#### [Activity]
Skip the pictures and repeat each line of the data exactly.

#### [Records for the task]
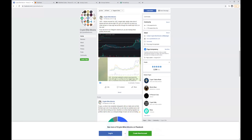Hi guys, it's Di here from CryptoElite Alcons. For today's video I'm going to explain how to set up your MetaMask wallet, how to set up Binance Smart Chain on MetaMask, how to use Uniswap Exchange and PancakeSwap Exchange. I'm also going to explain how to add liquidity to the pools, how to use the farming pools and how you can stake your tokens to generate interest.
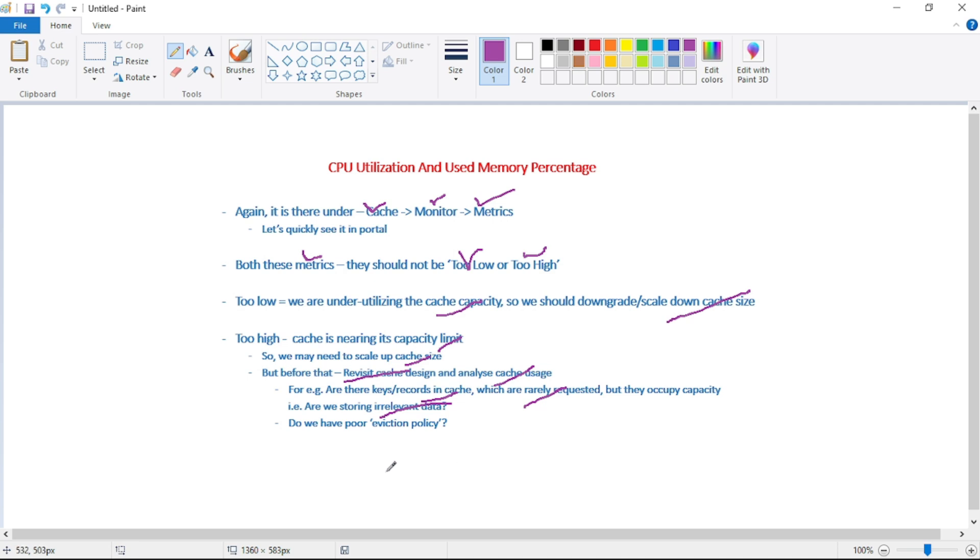And now the second and most important: do we have poor eviction policy? So eviction policy means the policy depending on which we decide which key or which records should be eliminated from the cache.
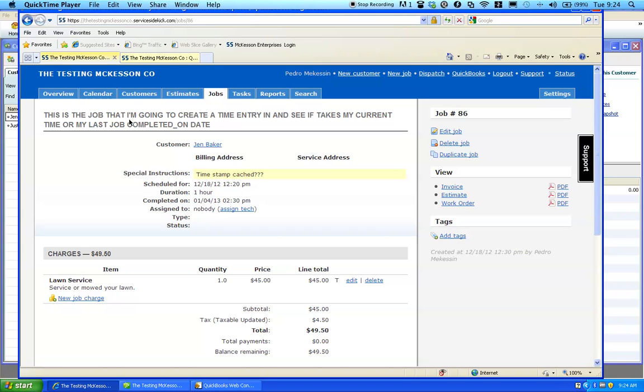Hello, this is Peter, your Service Sidekick Support Guy. This video goes over how to update your item list when your jobs will not sync.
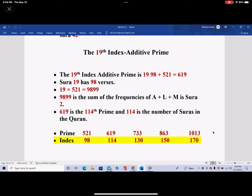Surah 19 has 98 verses — we know about these, but I'm just trying to remind you, and then I'm going to tell you some new stuff that we didn't know, and it is amazing. 19 times 521 is 9,899. 9,899 is the sum of the frequencies of Aleph, Lam, and Mim in Surah 2. 619 is the 114th prime, and 114 is the number of Surahs in the Quran.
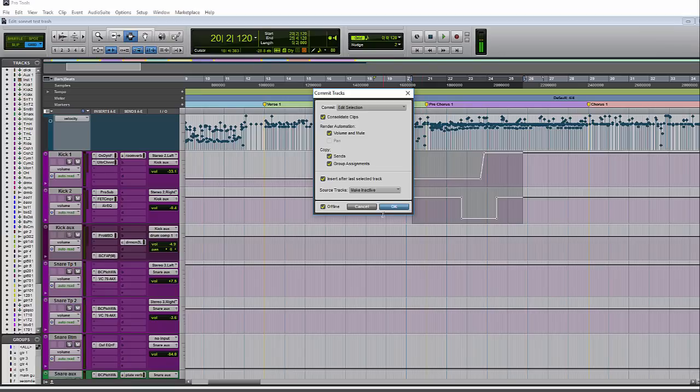So this was a fairly quick overview of the new commit feature. I didn't cover exactly everything it can do, but this will give you an idea and get you started. Contact us with any questions, and maybe I'll do a more in-depth video later. Thank you for watching.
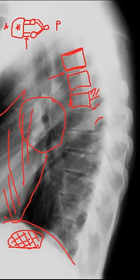Again, I hope this tutorial was useful in helping you identify some of the anatomical structures on standard radiographic projections of the thoracic spine. Thank you so much for joining us and please come back for future tutorials.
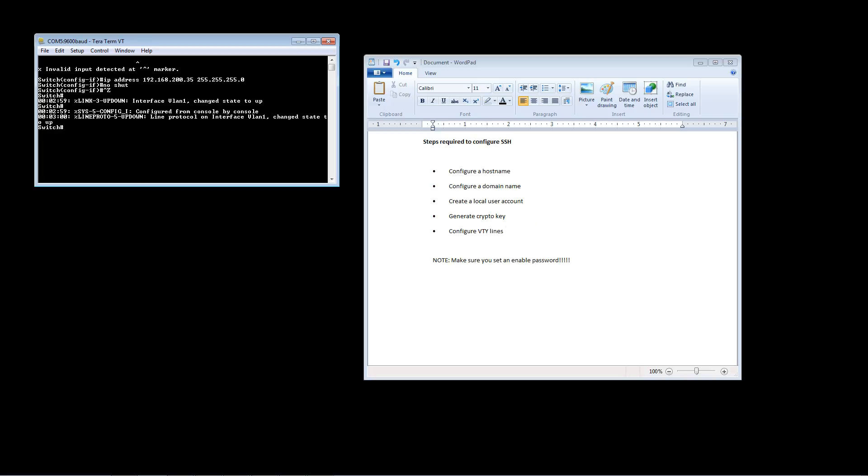So let's go ahead and hit step one. We're going to go into configuration mode and we're going to use the hostname command to change our switch hostname to switch one. You can see our prompt here just changed to switch one, so we know that our hostname is now switch one.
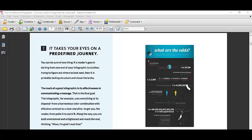Secondly, it takes the eyes on a predefined journey. The mark of a good infographic is its effectiveness in communicating the message. And the message is simply about yourself, what you have been through throughout the university life, throughout your study, what software, what skills that you have developed throughout your studies, and what you have to offer to the employer.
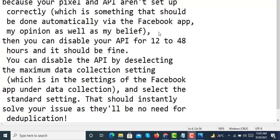You can disable the API by deselecting the maximum data collection setting, which is in the settings of the Facebook app under data collection, and select the standard setting. That should instantly solve your issue as there will be no need for deduplication.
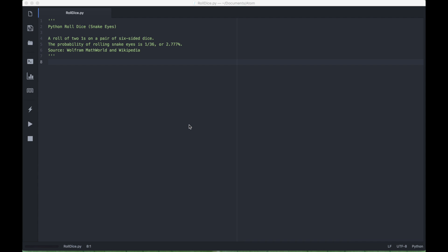Hello everyone! In this Python tutorial, we are going to create a program that mimics the rolling of dice and specifically the probability of rolling snake eyes.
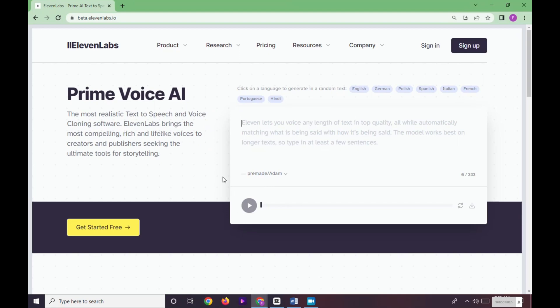Hi, in this video I will show you how to get 11 Labs for free. 11 Labs is a text-to-speech and voice cloning software. First, go to beta.11labs.io and click on Get Started Free.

#### [Solution for this problem]
Hi guys, it's Di here from CryptoElite Alcons. For today's video I'm going to explain how to set up your MetaMask wallet, how to set up Binance Smart Chain on MetaMask, how to use Uniswap Exchange and PancakeSwap Exchange. I'm also going to explain how to add liquidity to the pools, how to use the farming pools and how you can stake your tokens to generate interest.
And now the second and most important: do we have poor eviction policy? So eviction policy means the policy depending on which we decide which key or which records should be eliminated from the cache.
Hello, this is Peter, your Service Sidekick Support Guy. This video goes over how to update your item list when your jobs will not sync.
Surah 19 has 98 verses — we know about these, but I'm just trying to remind you, and then I'm going to tell you some new stuff that we didn't know, and it is amazing. 19 times 521 is 9,899. 9,899 is the sum of the frequencies of Aleph, Lam, and Mim in Surah 2. 619 is the 114th prime, and 114 is the number of Surahs in the Quran.
So this was a fairly quick overview of the new commit feature. I didn't cover exactly everything it can do, but this will give you an idea and get you started. Contact us with any questions, and maybe I'll do a more in-depth video later. Thank you for watching.
Again, I hope this tutorial was useful in helping you identify some of the anatomical structures on standard radiographic projections of the thoracic spine. Thank you so much for joining us and please come back for future tutorials.
So let's go ahead and hit step one. We're going to go into configuration mode and we're going to use the hostname command to change our switch hostname to switch one. You can see our prompt here just changed to switch one, so we know that our hostname is now switch one.
Secondly, it takes the eyes on a predefined journey. The mark of a good infographic is its effectiveness in communicating the message. And the message is simply about yourself, what you have been through throughout the university life, throughout your study, what software, what skills that you have developed throughout your studies, and what you have to offer to the employer.
You can disable the API by deselecting the maximum data collection setting, which is in the settings of the Facebook app under data collection, and select the standard setting. That should instantly solve your issue as there will be no need for deduplication.
Hello everyone! In this Python tutorial, we are going to create a program that mimics the rolling of dice and specifically the probability of rolling snake eyes.
Hi, in this video I will show you how to get 11 Labs for free. 11 Labs is a text-to-speech and voice cloning software. First, go to beta.11labs.io and click on Get Started Free.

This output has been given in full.